PLAN TO GRAB UNION FUNDS


by Daphne Liddle

JUSTICE SECRETARY
Jack Straw last week outraged union leaders by proposing that the political levy paid by members of unions affiliated to the Labour Party should be paid directly to Labour headquarters.

 This is a move that could prevent unions from using their political funds for other purposes, like campaigning against the British National Party or defending Remploy, the NHS and so on.

 Straw claims that the plan, which is supported by Gordon Brown, will appease Tory claims that union leaderships have too much control over Labour and that union donations should be capped in the same way that donations from wealthy individuals are capped.

 But many suspect that Straw’s proposal is so outrageous it is really intended to provoke unions to cut their link with Labour and disaffiliate. It has already spurred GMB general secretary Paul Kenny to threaten to ballot members on disaffiliation if the plan goes through.

 The Labour Party was created by the unions so that working people could have a party to represent them in Parliament in contrast to the existing Conservative and Liberal parties, which were funded and controlled by big business – as they still are.

 Naturally the ruling class – and the New Labour clique – would like to see the Labour Party also brought completely under ruling class control. Currently the party carries out ruling class policies but the party’s current dependence on trade union funding still leaves a possibility that the unions could force the party to follow more working-class friendly policies.

 Many on the left have despaired of Labour ever being reclaimed by the working class and either stopped voting or given their support to tiny, ineffectual and unstable social democrat parties.

 But clearly the ruling class still has a real fear of the link between Labour and the unions or they would not continually attack it and try to undermine it.

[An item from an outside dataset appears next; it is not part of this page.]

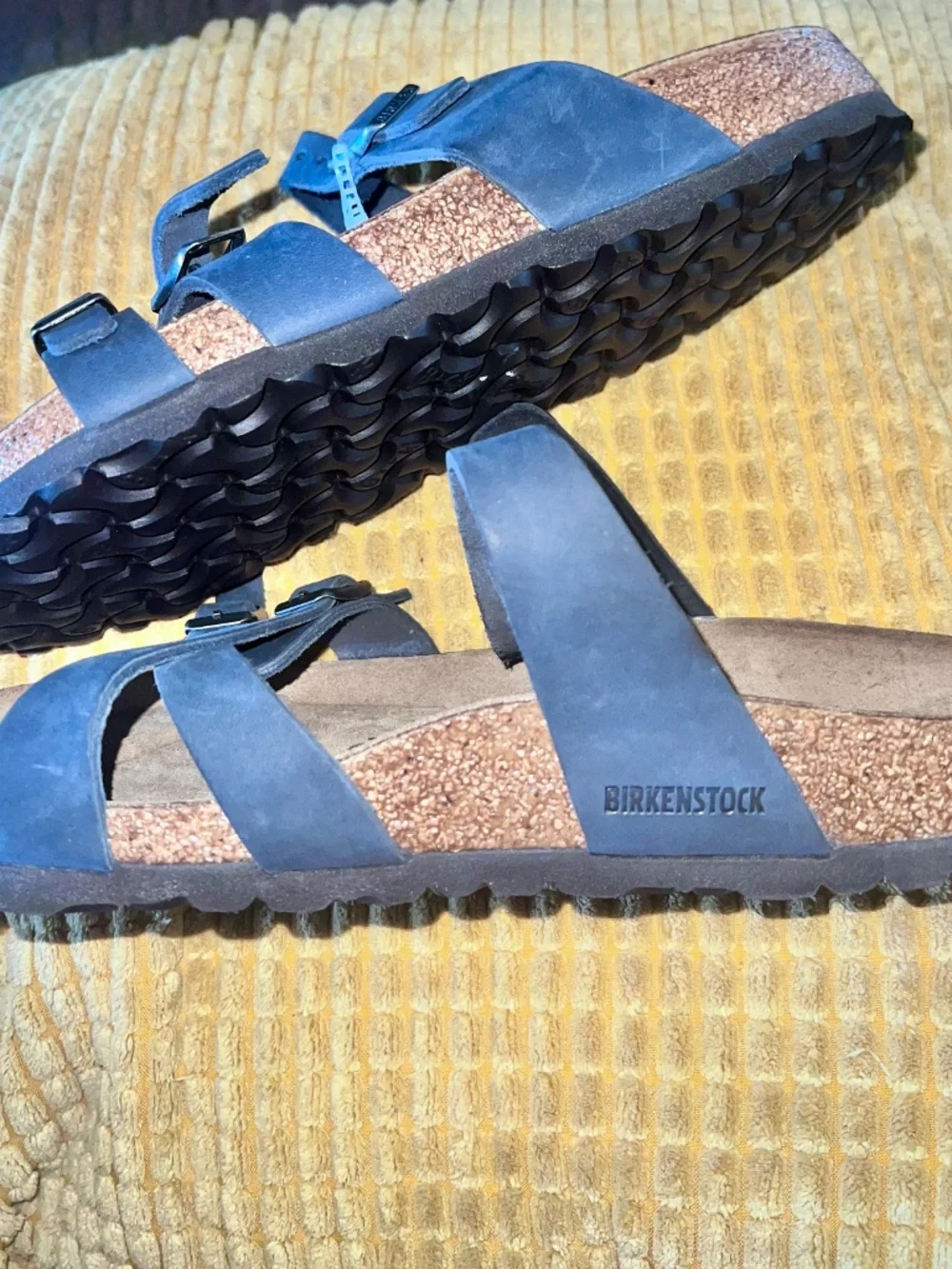 Birkenstock Franca Black Oiled Leather Strappy Sandals Size 39 NWOT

 Recent attacks date back to the “cash for honours” scandal when proposals for controls and curbs on donations to political parties were first proposed.

 Blair’s government responded to this with a proposal for Government funding for all the major political parties. This would effectively extend state control over those parties. Party members would have little or no say in policies and the leaders would not be accountable to their members.

 Furthermore it would be forcing taxpayers to fund political parties whether they agreed with them or not. Talks on this between the major political parties broke down last year after they failed to agree on a final version of proposals put forward by former civil servant Sir Hayden Phillips.

 Tory spokesperson Francis Maude has indicated to Straw he would accept the new proposals but would not accept this current situation. The Tories would prefer a £50,000 cap on union donations.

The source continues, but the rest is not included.